Speed is not simply thrilling in itself, once sufficiently accelerated, but also enables us to enter exposed and unfamiliar situations, far removed from the zones of safety and normality—to travel into space, for instance, beyond the frontiers of the known. Avid thrill-seekers, or ‘philobats’ as Balint calls them, are often involved not simply in dangerous but also highly competitive activities. Speed is closely connected to various forms of struggle or contest, ranging from races and, more threateningly, chases, up to its decisive role in combat, where greater speed gives a clear advantage over an opponent. Balint notes that an ‘element of aggressiveness is undoubtedly present in all philobatic activities’; but thrills in themselves are not directed against an outside object, but valued for the subjective experience they bring to the philobat. In amusement parks and cinemas, violence is closely linked to thrill-seeking but the spectator’s thrill is, so to speak, intransitive. Speed is enjoyed for its own sake, even though it may lead in the end to a second-order enjoyment of vicarious triumph over a villainous enemy. Thrills, Balint concludes, are essentially auto-erotic—they are ways of embarking on adventures which are fundamentally designed to give oneself pleasure just by the activity involved, so that any specific accomplishment that results, like crossing the finish-line first or triumphing over an opponent, is really an added benefit, related to aggression rather than to philobatism as such.

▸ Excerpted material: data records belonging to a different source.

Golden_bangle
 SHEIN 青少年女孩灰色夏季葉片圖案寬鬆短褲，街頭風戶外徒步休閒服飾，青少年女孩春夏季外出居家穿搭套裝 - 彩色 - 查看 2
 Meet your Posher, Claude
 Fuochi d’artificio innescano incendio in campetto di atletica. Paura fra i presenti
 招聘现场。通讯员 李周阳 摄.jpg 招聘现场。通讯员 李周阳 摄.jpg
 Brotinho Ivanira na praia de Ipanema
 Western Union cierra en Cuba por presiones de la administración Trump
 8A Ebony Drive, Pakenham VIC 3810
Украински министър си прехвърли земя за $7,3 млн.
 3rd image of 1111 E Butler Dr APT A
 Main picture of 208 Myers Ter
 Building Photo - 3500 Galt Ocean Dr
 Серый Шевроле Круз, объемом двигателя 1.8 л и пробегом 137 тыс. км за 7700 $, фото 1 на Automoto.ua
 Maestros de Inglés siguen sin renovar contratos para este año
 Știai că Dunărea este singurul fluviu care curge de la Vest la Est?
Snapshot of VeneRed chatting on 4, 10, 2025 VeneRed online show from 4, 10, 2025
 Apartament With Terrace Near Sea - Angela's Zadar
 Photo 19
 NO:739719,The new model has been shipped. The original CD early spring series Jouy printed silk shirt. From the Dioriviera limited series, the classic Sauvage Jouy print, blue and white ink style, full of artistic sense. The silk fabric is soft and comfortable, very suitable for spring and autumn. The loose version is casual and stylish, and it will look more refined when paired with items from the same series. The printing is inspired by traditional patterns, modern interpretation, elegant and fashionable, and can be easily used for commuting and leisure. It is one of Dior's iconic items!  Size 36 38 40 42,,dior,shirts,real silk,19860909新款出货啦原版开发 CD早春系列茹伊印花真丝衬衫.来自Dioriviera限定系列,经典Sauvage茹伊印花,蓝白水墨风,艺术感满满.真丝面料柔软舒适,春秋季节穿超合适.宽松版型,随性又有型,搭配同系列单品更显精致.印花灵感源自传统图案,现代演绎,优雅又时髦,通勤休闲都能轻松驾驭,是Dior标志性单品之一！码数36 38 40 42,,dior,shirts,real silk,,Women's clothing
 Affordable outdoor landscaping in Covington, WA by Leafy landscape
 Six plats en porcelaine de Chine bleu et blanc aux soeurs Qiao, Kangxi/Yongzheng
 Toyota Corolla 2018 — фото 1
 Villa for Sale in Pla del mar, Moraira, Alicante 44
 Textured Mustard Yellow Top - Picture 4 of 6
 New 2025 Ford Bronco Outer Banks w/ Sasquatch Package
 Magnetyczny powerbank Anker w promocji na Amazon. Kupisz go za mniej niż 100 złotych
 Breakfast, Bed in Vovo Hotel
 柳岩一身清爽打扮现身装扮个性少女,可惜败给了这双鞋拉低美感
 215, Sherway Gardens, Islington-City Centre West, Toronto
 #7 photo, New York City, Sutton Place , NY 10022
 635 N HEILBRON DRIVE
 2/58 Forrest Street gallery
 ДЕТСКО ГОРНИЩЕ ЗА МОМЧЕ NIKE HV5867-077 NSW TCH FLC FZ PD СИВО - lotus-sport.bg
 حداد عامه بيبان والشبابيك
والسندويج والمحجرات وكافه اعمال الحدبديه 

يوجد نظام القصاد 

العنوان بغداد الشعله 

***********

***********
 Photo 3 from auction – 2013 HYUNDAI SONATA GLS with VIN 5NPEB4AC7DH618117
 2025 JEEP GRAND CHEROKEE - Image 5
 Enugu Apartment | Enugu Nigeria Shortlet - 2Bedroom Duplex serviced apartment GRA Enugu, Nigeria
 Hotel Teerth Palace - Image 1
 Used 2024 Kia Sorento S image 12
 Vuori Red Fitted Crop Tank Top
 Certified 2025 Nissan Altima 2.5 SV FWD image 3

In 1936, Alfred Hitchcock wrote a piece for Picturegoer titled ‘Why “Thrillers” Thrive’. Hitchcock argued that shocks or thrills are necessary to us as human beings, that ‘our nature is such that we must have these “shake-ups”, or we grow sluggish and jellified; but, on the other hand, our civilization has so screened and sheltered us that it isn’t practicable to experience sufficient thrills at first hand. So we have to experience them artificially, and the screen is the best medium for this.’ Hitchcock argues that in the theatre—or at the circus—the audience simply watches things happening, remote, impersonal and detached, whereas in the cinema ‘we don’t sit by as spectators; we participate’. Or at least, he might have said, the effective experience of participation is much stronger. Hitchcock goes on to cite a sequence in Howard Hughes’s 1930 air combat film Hell’s Angels,
in which the British pilot decides to crash his plane into the envelope of the Zeppelin to destroy it, even though this means inevitable death to himself. We see his face—grim, tense, even horror-stricken—as his plane swoops down. Then we are transferred to the pilot’s seat, and it is we who are hurtling to death at ninety miles an hour; and at the moment of impact—and blackout—a palpable shuddering runs through the audience. That is good cinema.